一种方法是按位置传递参数作为列表,其中输出参数指定为 Python 数据类型

tests/system/teradata/example_teradata_call_sp.py[源代码]

    opr_sp_types = TeradataStoredProcedureOperator(
        task_id="opr_sp_types",
        procedure="TEST_PROCEDURE",
        parameters=[3, 1, int, str],
    )

或者,可以按位置将参数作为列表传递,其中输出参数指定为占位符

tests/system/teradata/example_teradata_call_sp.py[源代码]

    opr_sp_place_holder = TeradataStoredProcedureOperator(
        task_id="opr_sp_place_holder",
        procedure="TEST_PROCEDURE",
        parameters=[3, 1, "?", "?"],
    )

另一种方法是按位置将参数作为字典传递

tests/system/teradata/example_teradata_call_sp.py[源代码]

    opr_sp_dict = TeradataStoredProcedureOperator(
        task_id="opr_sp_dict",
        procedure="TEST_PROCEDURE",
        parameters={"val_in": 3, "val_in_out": 1, "val_out": int, "str_out": str},
    )

假设数据库中存在一个存储过程,如下所示

REPLACE PROCEDURE GetTimestampOutParameter (OUT out_timestamp TIMESTAMP)
   BEGIN
       -- Assign current timestamp to the OUT parameter
       SET out_timestamp = CURRENT_TIMESTAMP;
   END;
 /

此存储过程产生一个单一的时间戳参数 out_timestamp,并且可以通过 TeradataStoredProcedureOperator 调用,参数按位置作为列表传递

tests/system/teradata/example_teradata_call_sp.py[源代码]

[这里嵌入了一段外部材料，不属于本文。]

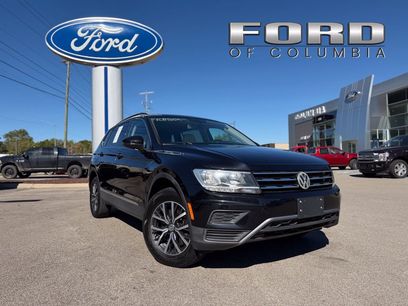 Used 2018 Volkswagen Tiguan SE w/ Panoramic Sunroof Package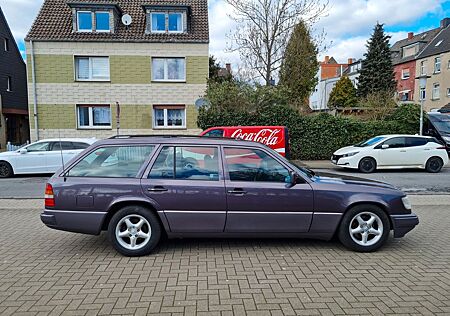 Mercedes-Benz 220 220TE Automatik/Klima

    opr_sp_timestamp = TeradataStoredProcedureOperator(
        task_id="opr_sp_timestamp",
        procedure="GetTimestampOutParameter",
        parameters=["?"],
    )

假设数据库中存在一个存储过程,如下所示

REPLACE PROCEDURE
TEST_PROCEDURE (IN val_in INTEGER, OUT val_out INTEGER)
  BEGIN
    DECLARE cur1 CURSOR WITH RETURN FOR SELECT * from DBC.DBCINFO ORDER BY 1 ;
    DECLARE cur2 CURSOR WITH RETURN FOR SELECT infodata, infokey from DBC.DBCINFO order by 1 ;
    open cur1 ;
    open cur2 ;
    set val_out = val_in * 2;
  END;
/

此存储过程将单个整数参数 val_in 作为输入,并生成单个整数参数 val_out。此外,它还产生两个游标,表示 select 查询的输出。可以使用 TeradataStoredProcedureOperator 调用此存储过程,参数按位置作为列表传递

tests/system/teradata/example_teradata_call_sp.py[源代码]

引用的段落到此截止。